Becoming a basketball All-American at the University of Wisconsin? It is a rare feat indeed. Entering this season just five players had ever garnered those honors according to the Associated Press.
Earlier this week, sophomore forward Ethan Happ became No. 6 after being selected to the AP third-team All-American list. He joins Frank Kaminsky (2015), Alando Tucker (2007) Jordan Taylor (2011), Devin Harris (2004) and Don Rehfeldt (1950).
It got us to thinking about this group as a whole, especially because so many of the names on the list are familiar ones to this generation of Badgers fans. So, let us re-introduce you to some names or flat-out introduce you to others as well.
6. Ethan Happ (2016)
Becoming the sixth AP All-American player in UW basketball history is certainly nothing to sneeze at. However, he is one of just two players on this list to be named to the last of the three teams the AP puts out.
This season seemed like a disappointment for large swaths, but Happ stood out as a star for the vast majority of the year. He ended up averaging 14.0 points, 9.0 rebounds, 2.8 assists, 1.8 steals and 1.2 blocks per game. Those numbers were tops on the team in every category except points, where Bronson Koenig’s 14.5 points per game average was better.
You would be hard-pressed to find a better all-around post player than Happ this past season. Some would suggest the best is yet to come after just two years in a Badgers uniform, but let’s also remember just how special this season was for Happ.
Not only was he a third-team All-American selection, Happ also picked up first-team All-Big Ten honors as well. We’d take Happ as one of our first selections in any draft thanks to his all-around game (if only he could add free throw shooting to his arsenal this offseason).
5. Jordan Taylor (2011)
What more do you want from a point guard in a Badgers team? Very few point guards were as powerful and team-orientated at the same time as Taylor was in his UW career. In the 2010-11 season, Taylor took the program on his back like a good leader needs to at times.

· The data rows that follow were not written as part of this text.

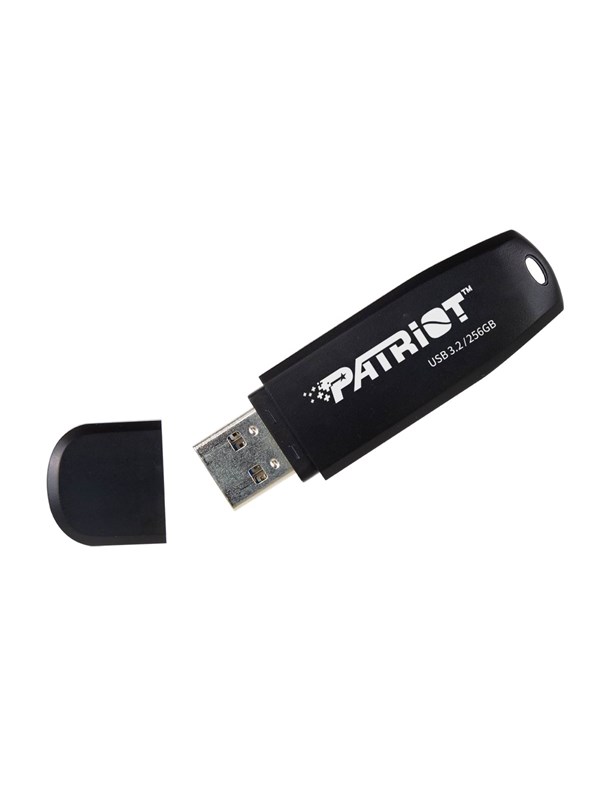 Patriot Xporter Core - 256GB - USB-tikku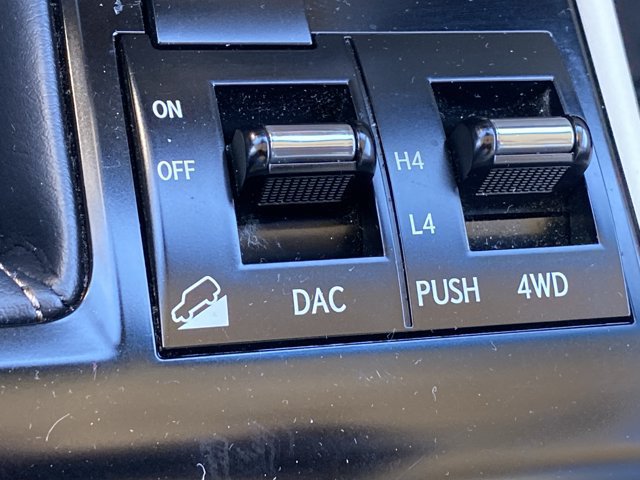 Used 2021 Lexus GX 460 Premium AWD/4WD image 27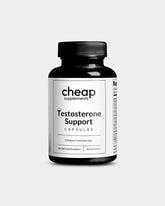 Cheap Supplements Testosterone Support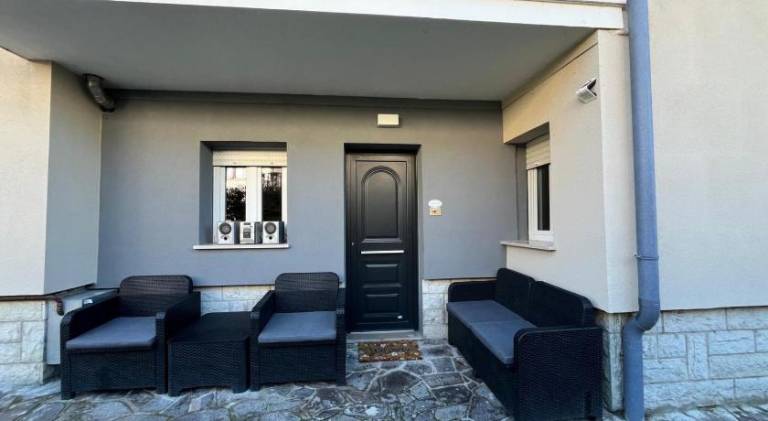 Wonderful vacation home | Pet-friendly in Urbania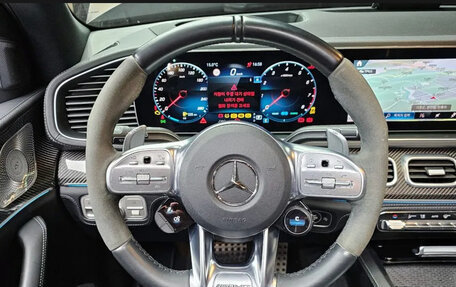 Mercedes-Benz GLE AMG, 2021 год, 11 714 000 рублей, 10 фотография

He finished the year averaging 18.1 points, 4.1 rebounds and 0.7 steals per game. Even more impressive. Taylor shot a career-best 42.9 percent from beyond the arc and 43.3 percent from the field overall.
Who can forget his memorable 39-point performance in Assembly Hall against the Hoosiers?
Those numbers led Taylor to becoming a second-team AP All-American pick and a Wooden Award (for the best player in the nation) finalist.
Taylor became the first of UW’s All-American honorees to return for another season. It didn’t work out as well for himself personally the next season, but there is no denying the 2010-11 season was one of the most fun individual seasons to watch in recent memory.
4. Devin Harris (2004)
At this point this list is just splitting hairs it seems like. Harris’ junior season in 2004 was one of the best single seasons in Wisconsin Badgers basketball history. Harris put up 19.5 points, 4.3 rebounds, 4.4 assists and 1.8 steals per game during the 2003-04 season and was named the Big Ten Player of the Year as a result. His 624 points on the year also put him third on UW’s single season scoring list.
Somehow those numbers were only good enough for second-team AP All-American honors. But, that is water under the bridge at this point. Arguably, no Badgers player has gone on to have a better NBA career in the last 30 years than Harris has had personally.
It didn’t hurt that he was one of the most deadly jump shooters in the college game at the time. He shot an impressive 45.9 percent from the field and 37.3 percent from beyond the arc as well. After three years at UW, Harris left with 1,425 career points and ranks 11th in school history in career points scored, in just three years.
This note makes me personally feel old — as Harris was inducted in to the UW Athletic Hall of Fame in 2015.
3. Alando Tucker (2007)
How do you top a season like Harris’ effort in 2003-04? You put on a tape (because those things were still in use back in 2006-07) of Alando Tucker’s senior season in 2006-07.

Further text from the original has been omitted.